Work to be completed →
Would you copy the lines below exactly and omit the images?

Supplied data →
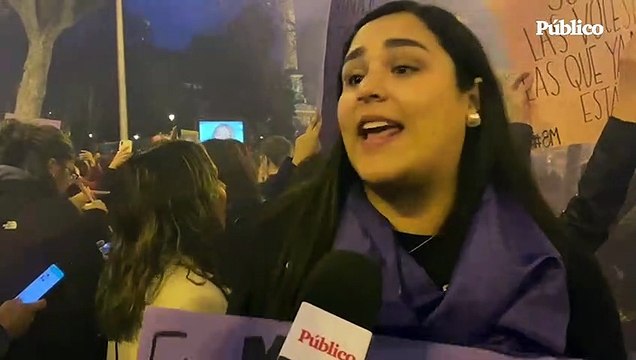 Tania Zamora, mexicana, durante la manifestación del 8M en Madrid: México es el país más feminicida del mundo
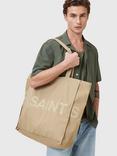 AllSaints Large Biggy Tote Bag, Light Khaki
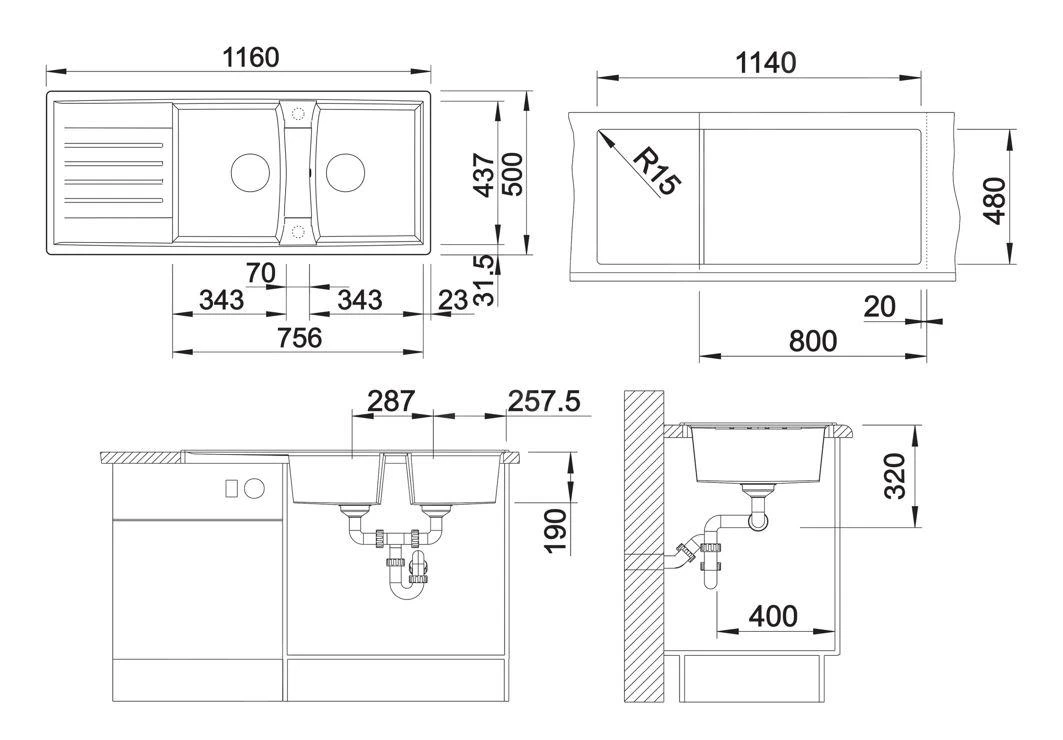 Blanco Lexa 8 - Fregadero De Silgranite, 1160x500 Mm, InFino, Blanco Suave 527100 2 Blanco Lexa 8 - Fregadero De Silgranite, 1160x500 Mm, InFino, Blanco Suave 527100 - Imagen 2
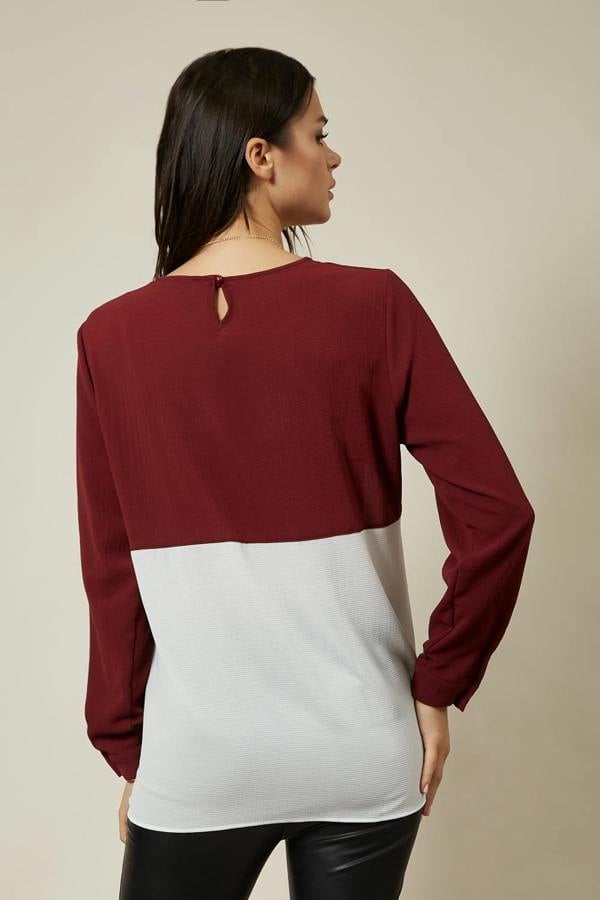 Hoxton Gal Long Sleeve Relaxed Fit Block Top With Necklace In Burgundy And White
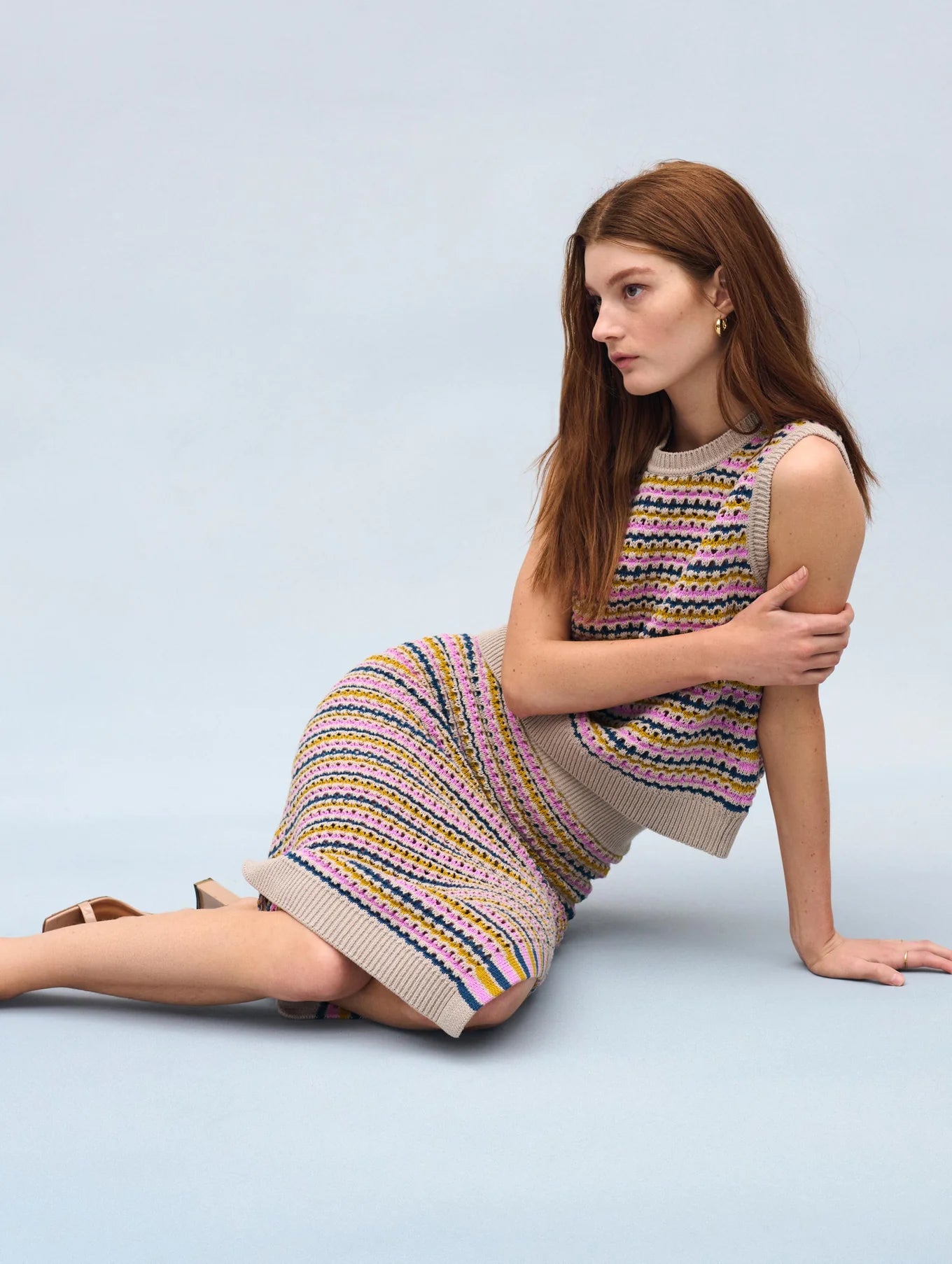 Cotton Blend Striped Mesh Skirt in Multi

Finished exercise →
 Tania Zamora, mexicana, durante la manifestación del 8M en Madrid: México es el país más feminicida del mundo
 AllSaints Large Biggy Tote Bag, Light Khaki
 Blanco Lexa 8 - Fregadero De Silgranite, 1160x500 Mm, InFino, Blanco Suave 527100 2 Blanco Lexa 8 - Fregadero De Silgranite, 1160x500 Mm, InFino, Blanco Suave 527100 - Imagen 2
 Hoxton Gal Long Sleeve Relaxed Fit Block Top With Necklace In Burgundy And White
 Cotton Blend Striped Mesh Skirt in Multi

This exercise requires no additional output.